Enter the client with the will to resist the hourly billing regime. On August 2, the WSJ‘s “Pricing Tactic Spooks Lawyers” describes clients countering high big law fees with on line reverse auctions that pit firms against each other in bidding for business. The result: cost reduction.

But economizing can be dangerous. An article in the next day’s WSJ should make every big firm attorney squirm. “Objection! Lawsuit Slams Temp Lawyers” reports that J-M Manufacturing is suing its former law firm, McDermott, Will & Emery LLP, claiming that the firm didn’t supervise adequately the work of contract attorneys from a third-party vendor. McDermott denies wrongdoing:

“J-M…keeps changing its story. Now [it]…claims that McDermott failed to supervise the contract lawyers that J-M retained….”

According to the article, J-M alleges that it paid McDermott attorneys rates as high as $925 an hour, compared to $61 an hour to the firm supplying the temps. In other words and regardless of who retained them, using contract lawyers helped shave J-M’s outside legal bills.

Here’s the common thread. In the first article, Boies just says what everyone knows: the billable hour regime is a nightmare. The second reflects ongoing client efforts to reduce resulting legal costs. The third identifies a potential peril for law firms that attempt to oblige: a malpractice suit — the ultimate conflict with a client.
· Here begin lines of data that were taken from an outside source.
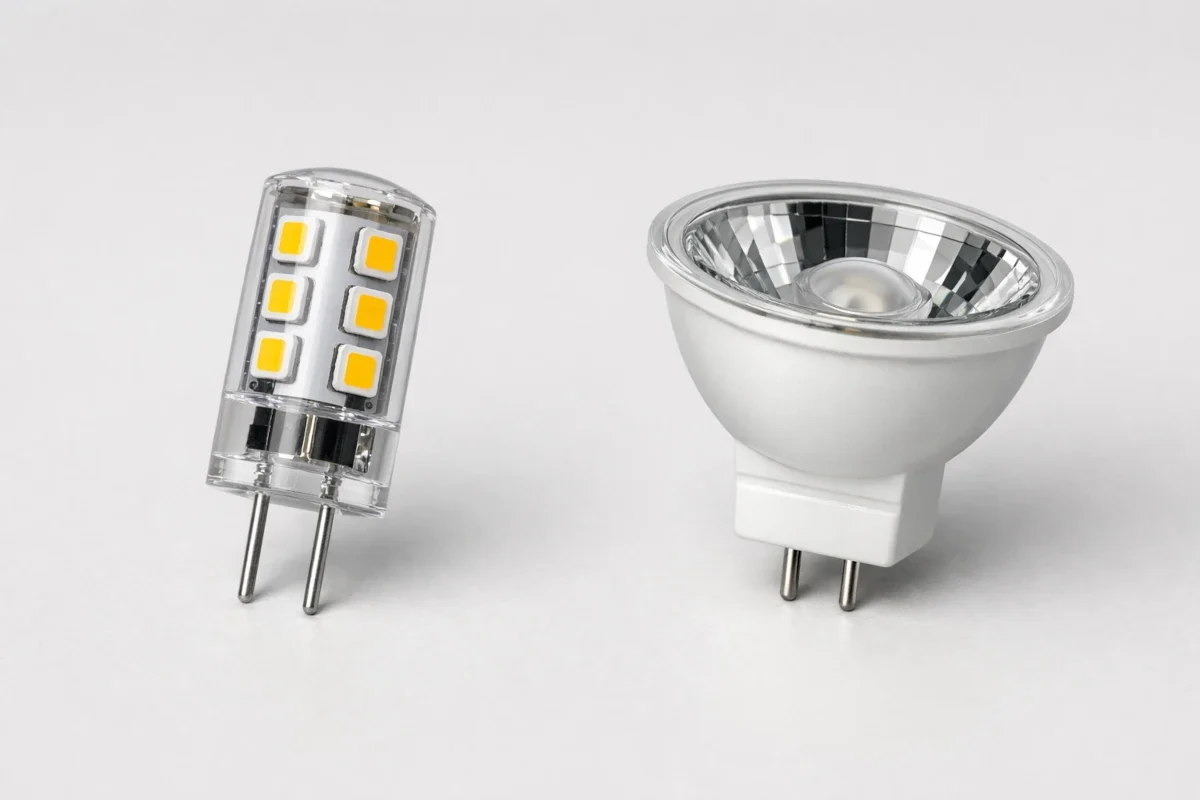 Unterschied zwischen G4 und GU4 LED-Sockel im direkten Vergleich Vergleich G4 Stiftsockel und GU4 MR11 LED mit 4 mm Pin-Abstand nebeneinander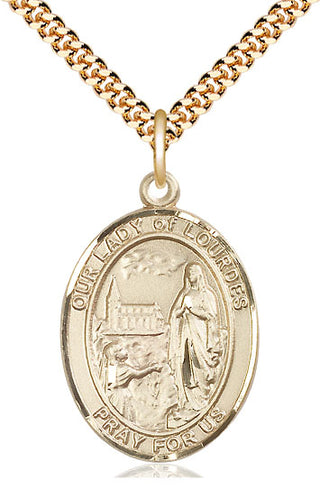 14kt Gold Filled Our Lady of Lourdes Medal Catholic Jewelry Engraved Catholic Saint Jewelry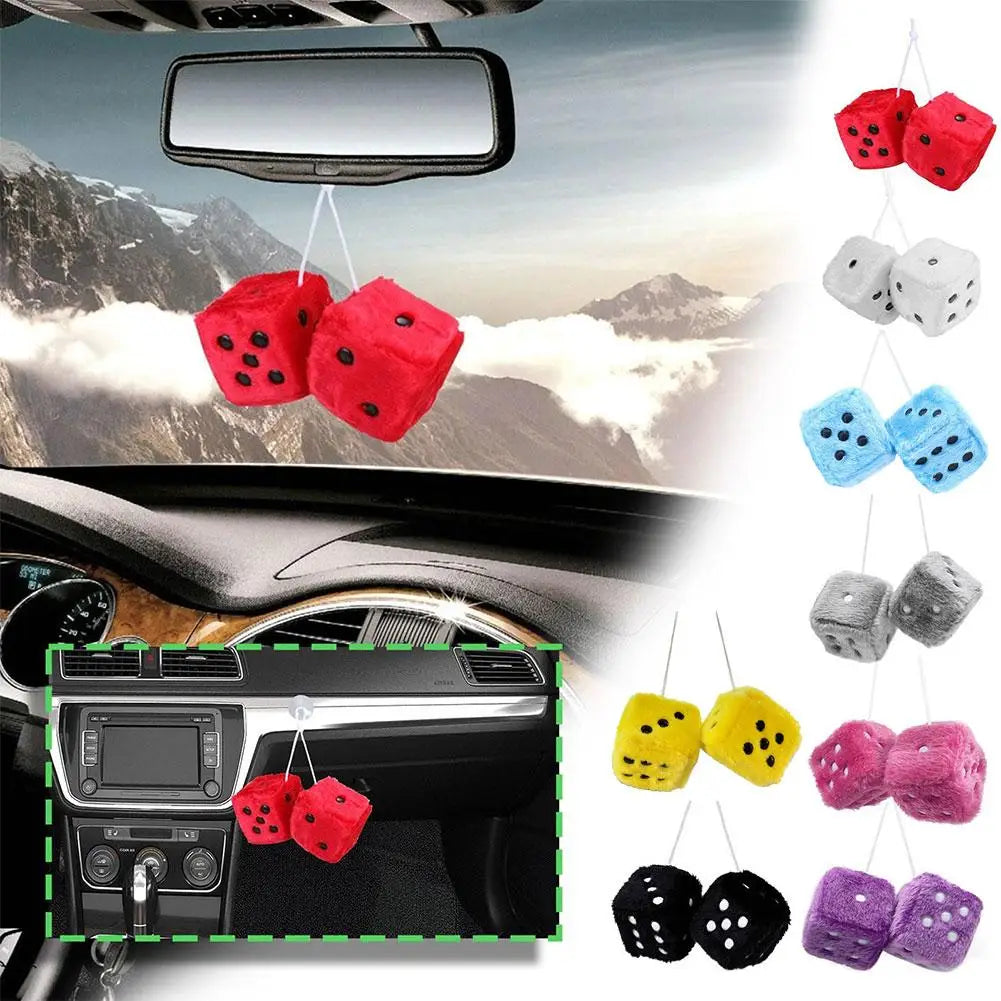 Big Long Hair Hot Stamping Dot Dice Plush Toy Cube Pendant Car Ornament Sieve Anime Car Decoration Accessories Auto Pendant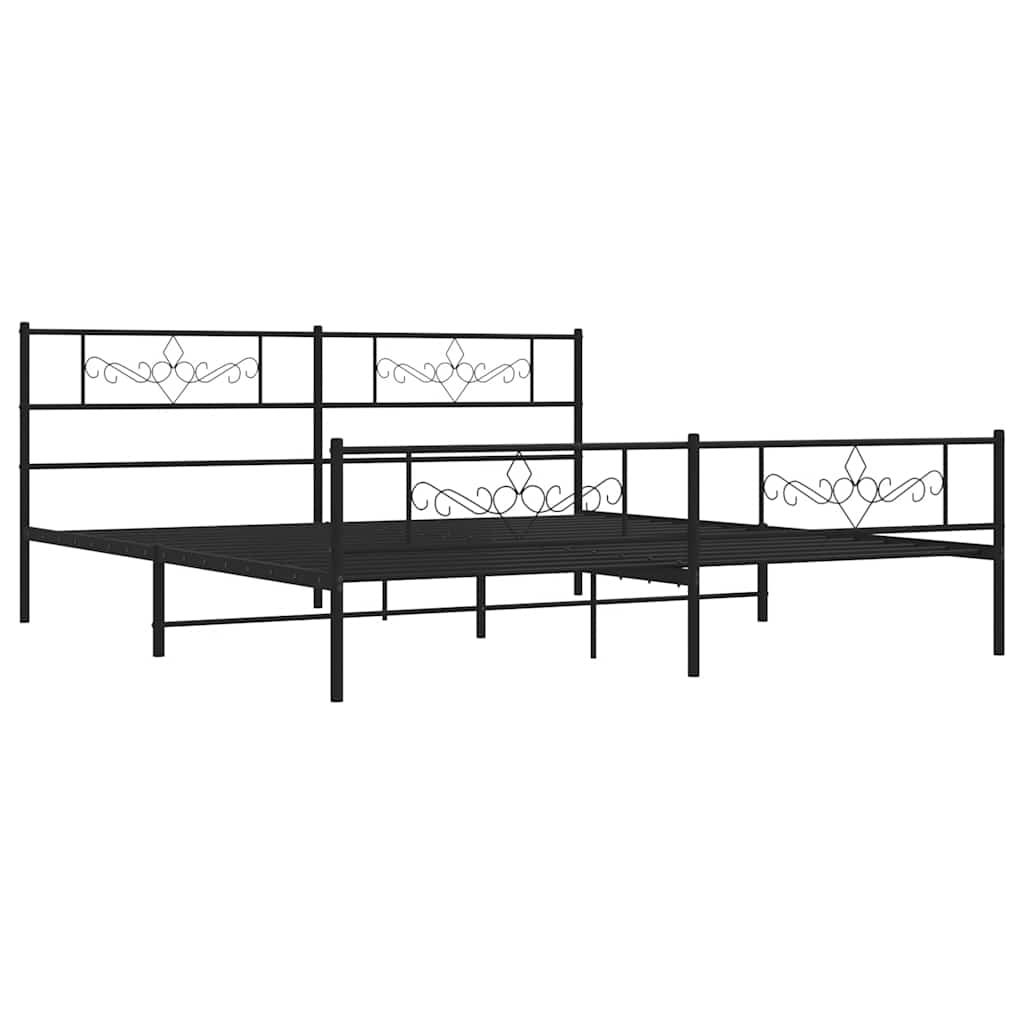 Metal Bed Frame without Mattress with Footboard Black 183x213cm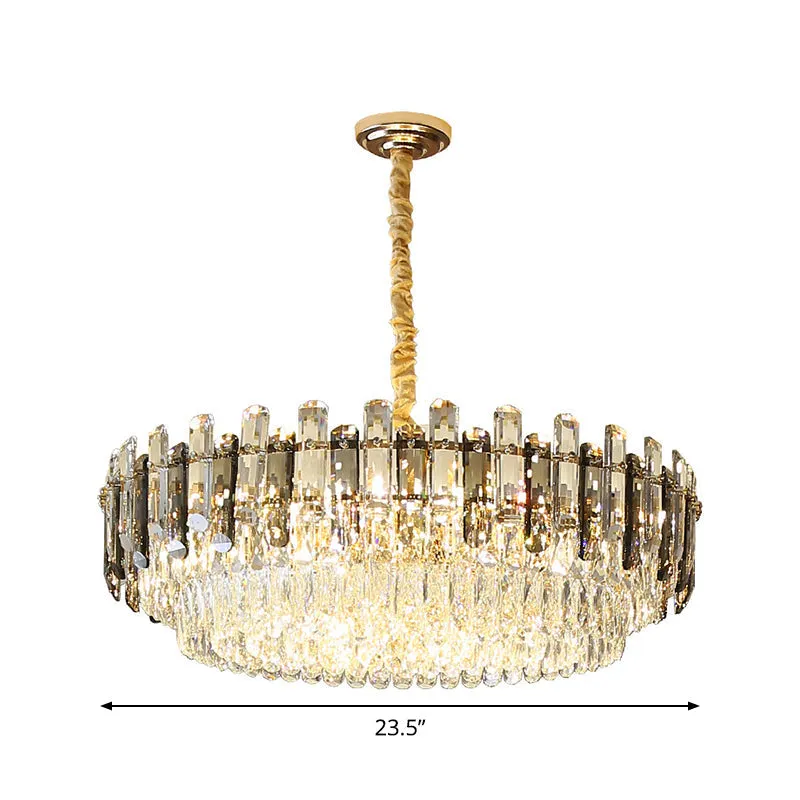 Modern Gold Finish Crystal Chandelier Light Fixture - 8/15/19 Bulbs Multi-Layer Pendant Lighting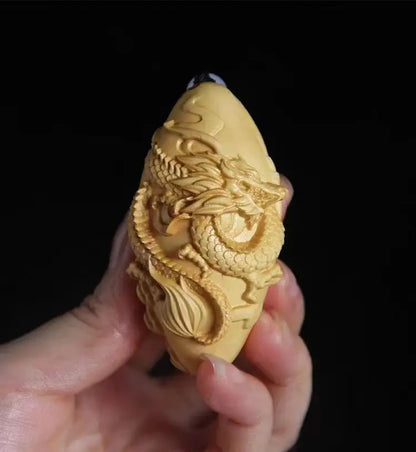 Boxwood Carving Hand Pendant Loulan Girl Character Carry Pendant Solid Wood Pendant Decor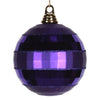 Vickerman M151626 5.5" Plum Shiny And Matte Mirror Ball Christmas Ornament With Glitter Accents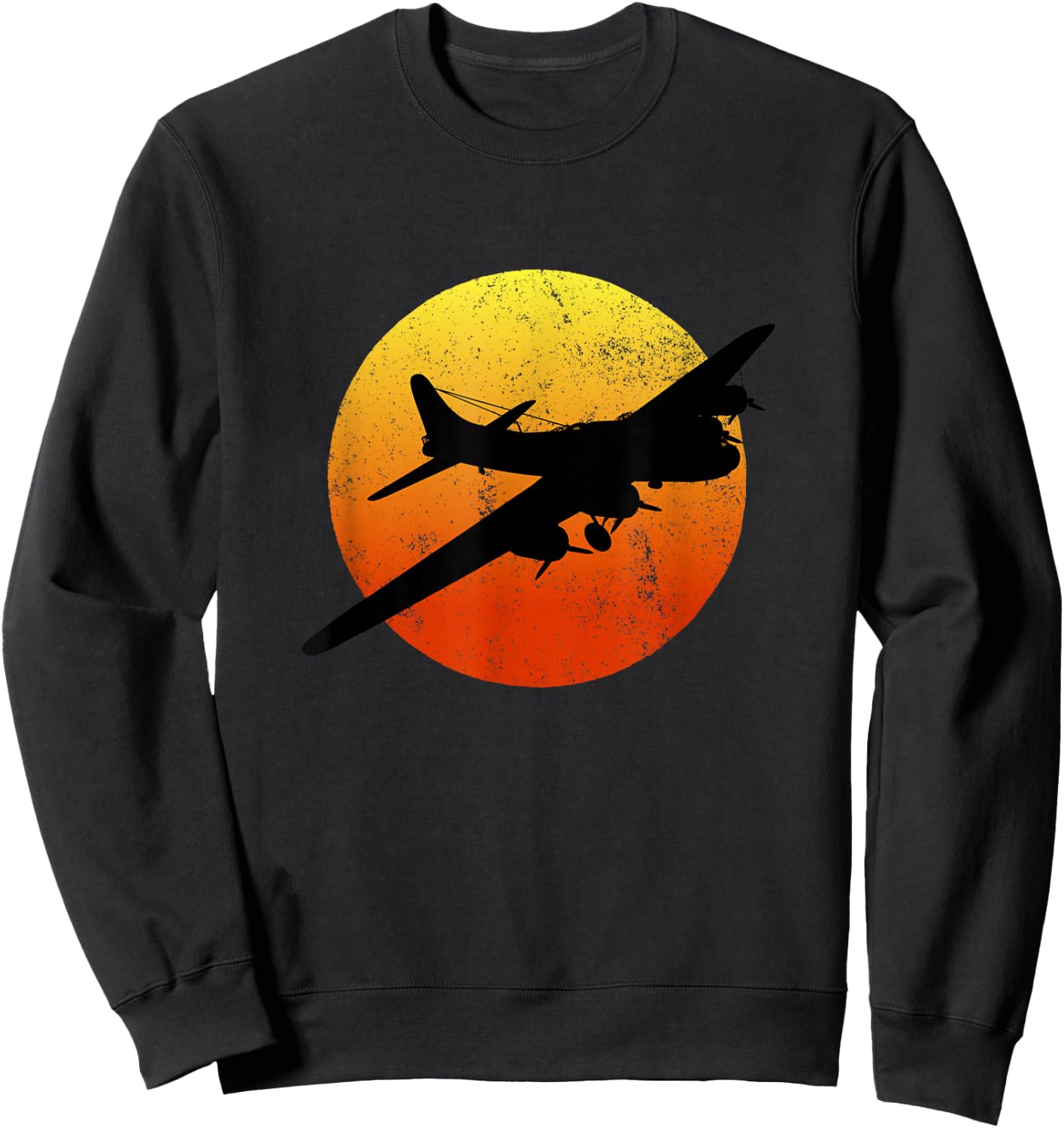 B-17 Flying Fortress Silhouette Sunset WW2 Airplane WWII B17 Sweatshirt - Sweatshirt | Black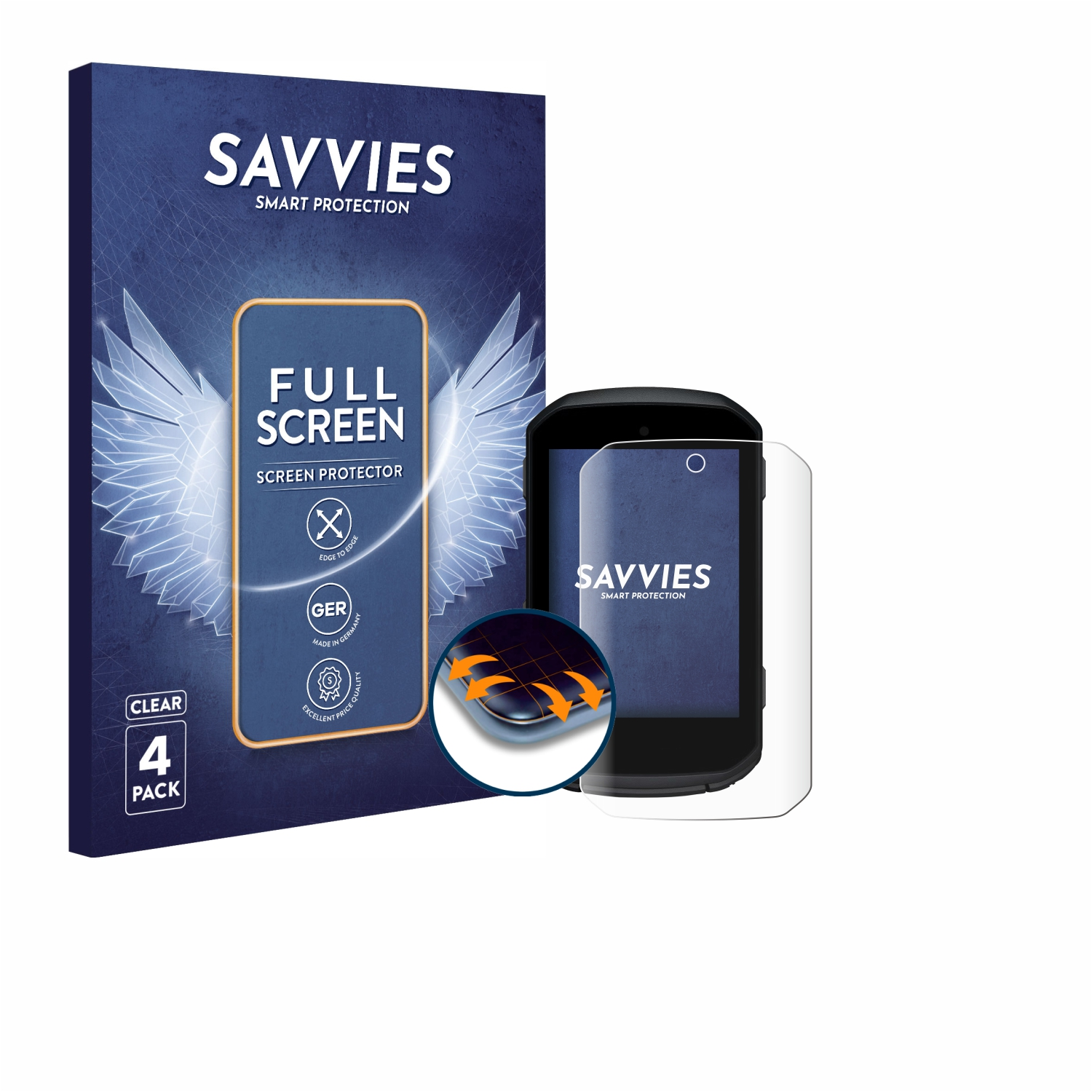 Eine Displayschutzfolienbox mit Telefon und Schutzfolie. Auf der Box steht 'SAVVIES' und 'FULL SCREEN'. Das Telefon ist schwarz.
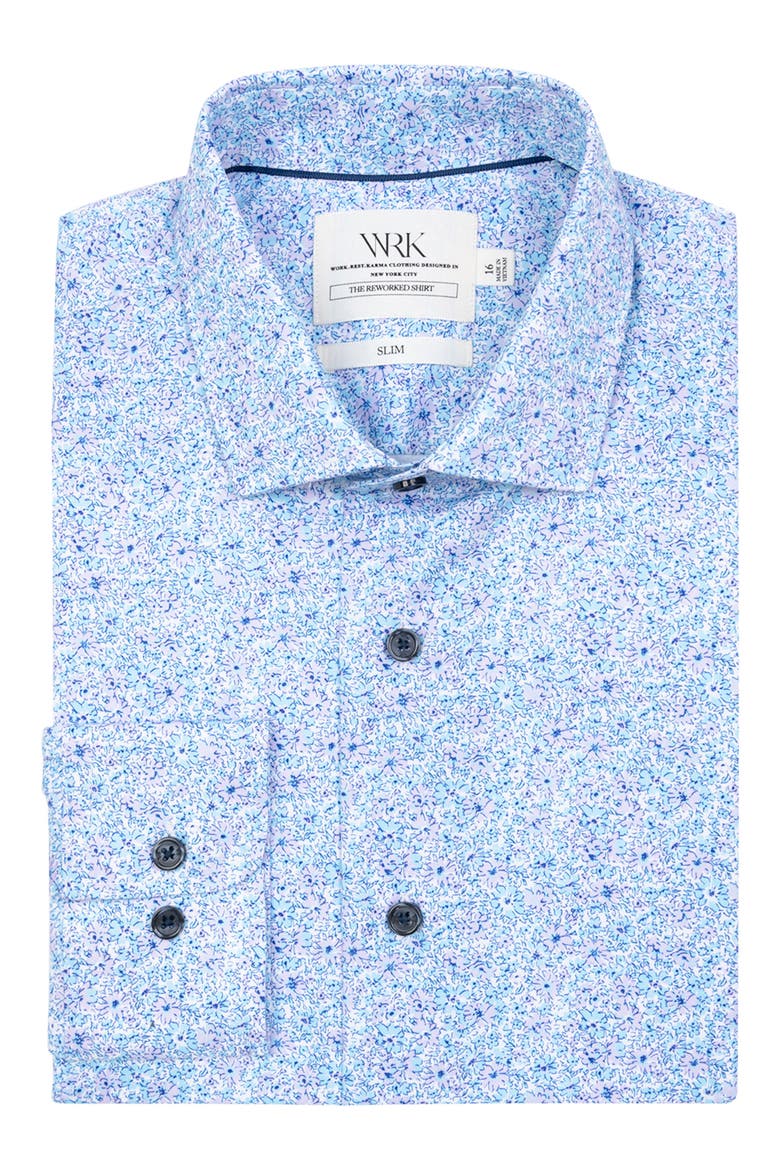 Slim Fit Floral Reworked Dress Shirt, Alternate, color, BLUE PURPLE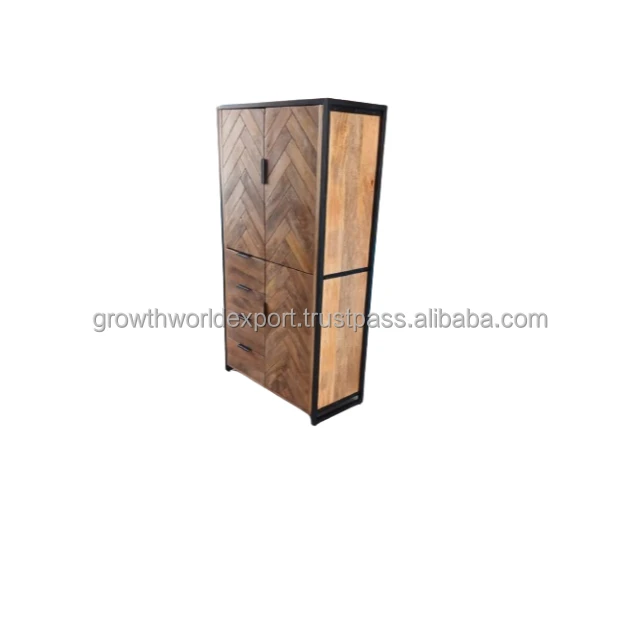Newest Herringbone Wooden Wardrobe Furniture stylish Design 3 door & 4 Drawer storage Affordable Bedroom Room Home Furniture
I don’t know if McDermott did anything wrong, but clients should realize that putting the squeeze on outside lawyers is tricky. For example, cutting fees is one thing; expecting large firm equity partners to do the obvious — reduce their own stunning income levels to help the cause — is something else, and it isn’t happening.

Amid corporate belt-tightening that targeted outside legal costs, average equity partner profits for the Am Law 100 actually rose during the last two years. They’re now back to pre-Great Recession levels of $1.4 million a year and it’s a safe bet that next year’s profits will be even higher. If I were a client, I’d ask, “How did that happen?”

“It’s the successful model at work,” most firm leaders would say without reflection or hesitation. “Growing equity partner earnings are essential to retain and attract top talent. Firms have become more efficient, so it’s a win-win for clients and partners.”

Clients should consider the untoward implications of austerity measures that don’t dent equity partners’ pocketbooks. Increased efficiency? Operating with fewer secretaries and putting locks on supply room cabinets don’t account for the extraordinary profits wave that big law continues to ride.

Here’s another explanation. The prevailing model requires increases in billable hours — big law’s distorted definition of productivity — to offset fee reductions that clients demand. Concerned about attorney fatigue that compromises morale and work product? Too bad; the model ignores it.

Clients can and should seek lower big law fees, but they should be careful what they wish for, scrutinize what they get, and wonder why equity partners’ eye-popping profits keep growing along the way. The prevailing model rewards big law equity partners handsomely, but that doesn’t necessarily mean it’s working for their clients or anyone else.